Supplied material:
——————————
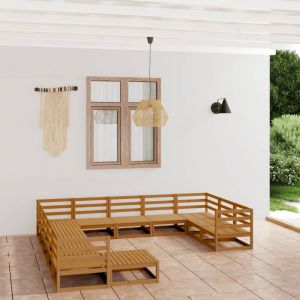 Image de VidaXL Salon de jardin 12 pcs Bois de pin massif - marron miel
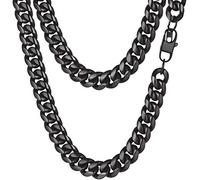 PROSTEEL Collana Uomo a Catena Cubana Barbazzale Grande Grossa Robusta Maschile, Larga14 mm, Lunghezza 55 cm, Acciaio Inossidabile, Cool Swag, Collana Nera Nero (con Confezione)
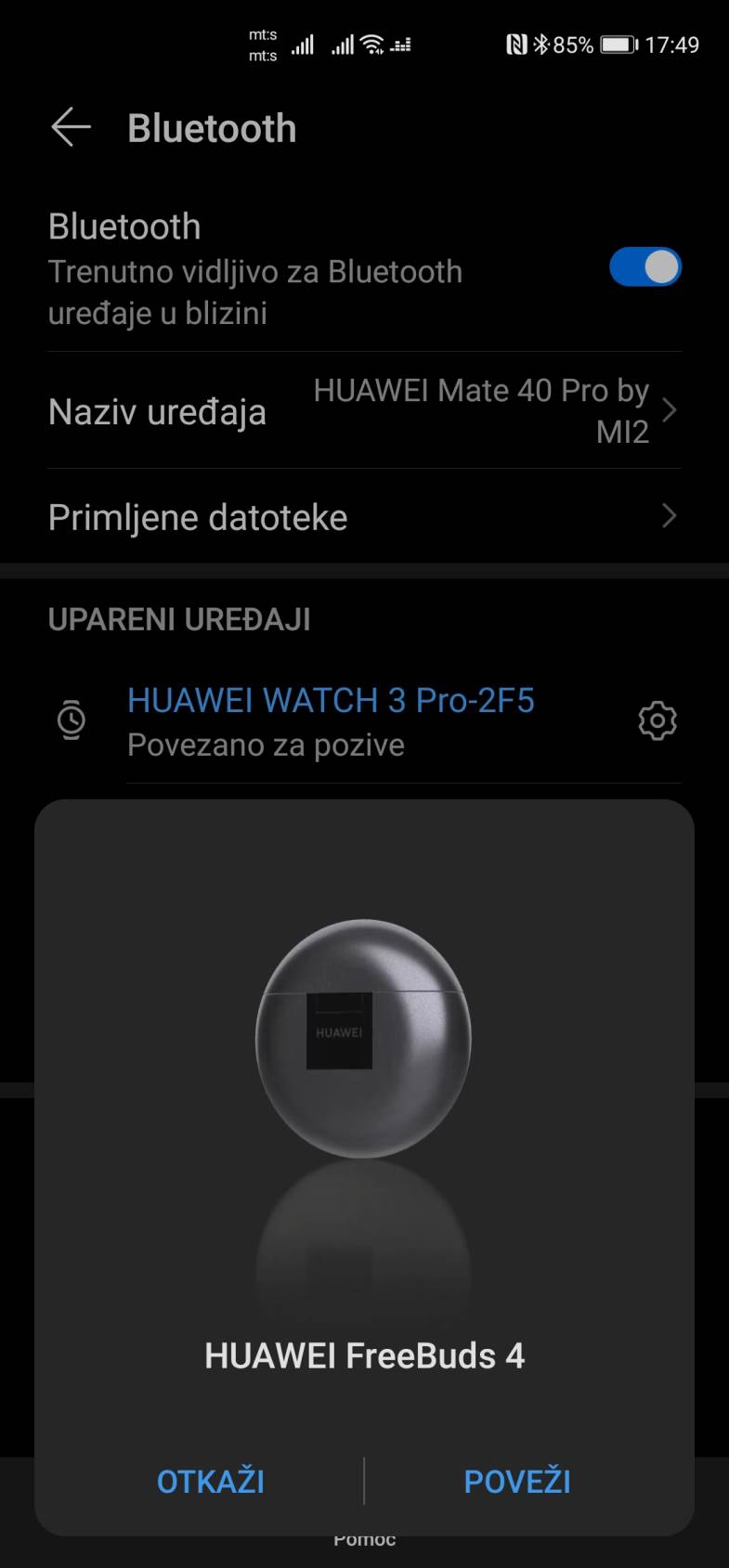 Huawei FreeBuds 4 slušalice aplikacija AI Life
——————————
What to do: Set down the material again exactly. Don't carry over any pictures.

Solution:
 Image de VidaXL Salon de jardin 12 pcs Bois de pin massif - marron miel
 PROSTEEL Collana Uomo a Catena Cubana Barbazzale Grande Grossa Robusta Maschile, Larga14 mm, Lunghezza 55 cm, Acciaio Inossidabile, Cool Swag, Collana Nera Nero (con Confezione)
 Huawei FreeBuds 4 slušalice aplikacija AI Life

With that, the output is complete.